In our discussion of metaphor, of course I brought up “Meadowlark,” his story song from The Baker’s Wife that is known best from the many concert performances or cover versions on albums like those of Patti LuPone, Liz Callaway, and Betty Buckley. In this unusual song, the character even realizes she is exploring a metaphor, in the sense that she is telling a story that she’ll use to reevaluate her own predicament.
Stephen said, “For ‘Meadowlark,’ the entire song is a metaphor, basically, until finally at the end, the last verse describes literally what is going on.”
He didn’t elaborate further during our lunch interview but has previously described the writing of this song. He explained in a website Q and A that the metaphor for “Meadowlark” represents “a story about someone who does what she knows is the ‘right’ thing to do, but then it breaks her heart, and she literally cannot live with the choice… As I was thinking about her expressing the emotions she was going through and feeling them myself as I began to write, this story more-or-less popped into my head.” He remembers it being influenced by several familiar children’s stories, including Hans Christian Andersen’s “The Emperor’s Nightingale.” (For more detail on how he arrived at the song, see the Schwartz biography, Defying Gravity.)
Similes Too – “For Good”
After looking back at my song list, we conversed about his famous ballad for Elphaba and Glinda, “For Good,” from Wicked, which is filled with similes—the specific type of metaphor that uses “like” or “as.”
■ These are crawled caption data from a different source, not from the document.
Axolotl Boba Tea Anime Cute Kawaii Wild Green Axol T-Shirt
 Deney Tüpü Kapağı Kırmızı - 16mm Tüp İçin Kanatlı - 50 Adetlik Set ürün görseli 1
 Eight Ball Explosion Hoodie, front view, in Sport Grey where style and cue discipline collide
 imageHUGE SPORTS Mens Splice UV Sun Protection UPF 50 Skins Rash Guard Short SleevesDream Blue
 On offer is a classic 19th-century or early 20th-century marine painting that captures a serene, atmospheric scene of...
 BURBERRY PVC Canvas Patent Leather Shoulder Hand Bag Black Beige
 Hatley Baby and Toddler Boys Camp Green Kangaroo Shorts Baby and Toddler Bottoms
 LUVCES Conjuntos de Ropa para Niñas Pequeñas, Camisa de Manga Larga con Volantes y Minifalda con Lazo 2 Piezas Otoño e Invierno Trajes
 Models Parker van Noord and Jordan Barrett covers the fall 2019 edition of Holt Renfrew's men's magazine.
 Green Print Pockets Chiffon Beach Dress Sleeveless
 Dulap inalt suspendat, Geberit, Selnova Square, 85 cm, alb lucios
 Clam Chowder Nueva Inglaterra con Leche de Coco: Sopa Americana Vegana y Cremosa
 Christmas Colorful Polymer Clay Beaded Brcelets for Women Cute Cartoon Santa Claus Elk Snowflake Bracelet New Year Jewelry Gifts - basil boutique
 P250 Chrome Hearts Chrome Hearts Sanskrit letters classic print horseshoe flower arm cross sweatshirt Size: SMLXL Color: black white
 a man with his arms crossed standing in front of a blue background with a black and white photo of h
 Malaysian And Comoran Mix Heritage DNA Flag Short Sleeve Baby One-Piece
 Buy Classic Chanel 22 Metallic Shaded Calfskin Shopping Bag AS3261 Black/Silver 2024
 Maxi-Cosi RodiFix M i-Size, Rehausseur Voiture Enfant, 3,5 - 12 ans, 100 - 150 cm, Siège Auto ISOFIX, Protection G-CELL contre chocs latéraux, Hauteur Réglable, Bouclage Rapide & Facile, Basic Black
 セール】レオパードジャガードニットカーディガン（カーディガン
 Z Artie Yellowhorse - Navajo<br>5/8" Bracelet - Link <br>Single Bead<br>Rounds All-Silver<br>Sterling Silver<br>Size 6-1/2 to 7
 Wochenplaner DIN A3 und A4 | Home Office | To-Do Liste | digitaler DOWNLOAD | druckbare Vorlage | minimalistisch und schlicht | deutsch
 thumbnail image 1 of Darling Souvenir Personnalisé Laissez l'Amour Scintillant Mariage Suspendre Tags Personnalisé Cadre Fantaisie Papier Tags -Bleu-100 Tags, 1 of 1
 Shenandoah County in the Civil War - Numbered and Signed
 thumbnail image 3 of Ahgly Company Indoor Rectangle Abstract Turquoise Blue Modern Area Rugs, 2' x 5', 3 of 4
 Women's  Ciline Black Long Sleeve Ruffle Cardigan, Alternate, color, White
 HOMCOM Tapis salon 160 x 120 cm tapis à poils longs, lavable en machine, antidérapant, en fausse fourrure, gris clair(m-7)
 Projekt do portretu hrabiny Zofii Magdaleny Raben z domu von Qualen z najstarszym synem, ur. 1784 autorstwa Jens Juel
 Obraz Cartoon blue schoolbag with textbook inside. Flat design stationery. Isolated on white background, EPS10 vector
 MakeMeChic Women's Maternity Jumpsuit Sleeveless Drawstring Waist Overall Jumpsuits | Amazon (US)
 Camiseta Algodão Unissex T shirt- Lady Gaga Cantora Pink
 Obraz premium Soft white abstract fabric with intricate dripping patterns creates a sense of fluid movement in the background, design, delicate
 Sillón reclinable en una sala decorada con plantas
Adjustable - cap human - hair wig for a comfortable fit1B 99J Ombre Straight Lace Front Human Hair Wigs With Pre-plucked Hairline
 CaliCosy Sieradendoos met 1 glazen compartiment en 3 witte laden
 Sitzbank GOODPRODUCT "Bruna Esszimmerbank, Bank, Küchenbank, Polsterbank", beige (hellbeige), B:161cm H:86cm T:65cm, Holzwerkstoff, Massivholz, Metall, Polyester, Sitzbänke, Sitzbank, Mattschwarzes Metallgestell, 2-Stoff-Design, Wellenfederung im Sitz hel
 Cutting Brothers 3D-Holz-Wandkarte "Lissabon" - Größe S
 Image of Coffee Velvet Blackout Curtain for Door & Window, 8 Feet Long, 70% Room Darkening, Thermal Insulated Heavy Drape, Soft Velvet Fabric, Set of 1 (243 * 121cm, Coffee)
Stephen said, “What I had going into ‘For Good’ was this great title that came from a conversation with Winnie [Holzman], and then the conversation I had with my daughter about her relationship with a lifelong friend, which very specifically defined an attitude toward this kind of relationship. And then the rest of it was similes.
“When I work with translators for ‘For Good,’ I often see them struggling to translate ‘Like a comet pulled from orbit’ into Danish or some other language, that is a literal translation of the specific similes I used. I tell them: ‘All you have to do is pick images of something that has an effect on something else. I don’t care what the images are, you have to illustrate the central idea—because I knew you, I’ve been changed—that’s what you’re aiming for. So you have to find images of things that cause a change in other things, but you don’t have to use the same images I did.”
A Window on a Character’s World – “Through Heaven’s Eyes”
We talked next about “Through Heaven’s Eyes,” one of my favorite songs from The Prince of Egypt, used in both the movie version and later stage version, in which the Midian priest character Jethro encourages Moses to take a broader view of his life and worth. We discussed Stephen’s trip to Egypt and how he had seen mountains in the Sinai desert that looked like big piles of rocks before he wrote the lyrics: “And the stone that sits on the very top/Of the mountain’s mighty face/Does it think it’s more important/Than the stones that form the base?”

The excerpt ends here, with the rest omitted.